Again the pirates and privateers are openly and knowingly lying to the people they claim to uphold
as the proof and method of how admiralty law is applied to each and every one of us- is
breathtakingly simple and obvious- (1) we each require a birth certificate and registration and (2) we
are birthed in hospitals that literally means a military establishment and legally is treated itself as a
"vessel"- with hospitals both "commissioned" and "launched" and with people formally "admitted"
"onboard" and discharged.

This is not fanciful conspiracy, this is common sense, basic intelligence of what is shown to you "in
plain sight" every day. Birth, is a nautical term and related prior to the 19th Century solely to vessels.
What hospital births and birth certificate registrations demonstrate to anyone who cares to stop for
a moment and think about it- is that you are capable of being treated as either (a) a seaman or
officer (by virtue of hospital birth and registration) or (b) a registered vessel.

So the courts need not enter into any complex or convoluted arguments to apply admiralty law- it is
fully automated. Once they confirm your name, your residence and you "understand"- then they can
proceed. You have been under admiralty law- since "birth".

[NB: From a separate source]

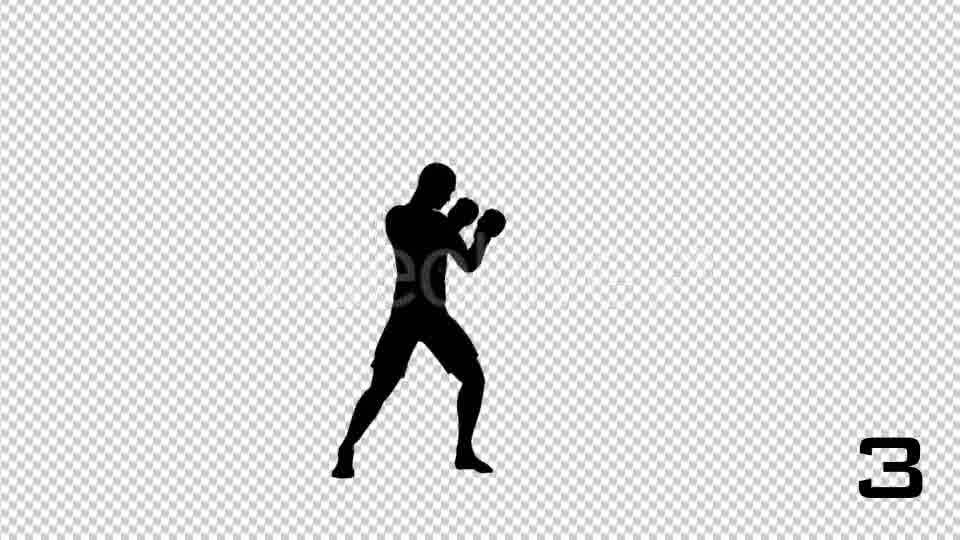 Silhouettes Of Boxer 3 Scene - Download Videohive 20685551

Admiralty as the ultimate "Organized Psuedo-Legal Commercial Argument" (OPCA)

Why then has it taken so long to fully discern and make the all pervading nature of admiralty law
clear? Why the arguments of administrative law? of different forms of law in operation such as trust
law and estate law?

In truth there are still multiple forms of law in operation and in parallel. For example estate law and
trust law are very real and the creation of Cestui Que Trusts and Estates for our benefit are very real.
It is just we are deprived from dealing directly with these forms of law in courts operating under the
psuedo-legal commercial form known as admiralty.

Admiralty needs real law such as common law to continue- why? so the pirates can rape and pillage
what should be yours, to steal from your estate. At the same time, admiralty is capable of mimicking
all these forms of law, so when bonds and trusts are formed as part of court cases, it appears the
judge or magistrate is switching law forms- which is not necessarily the case.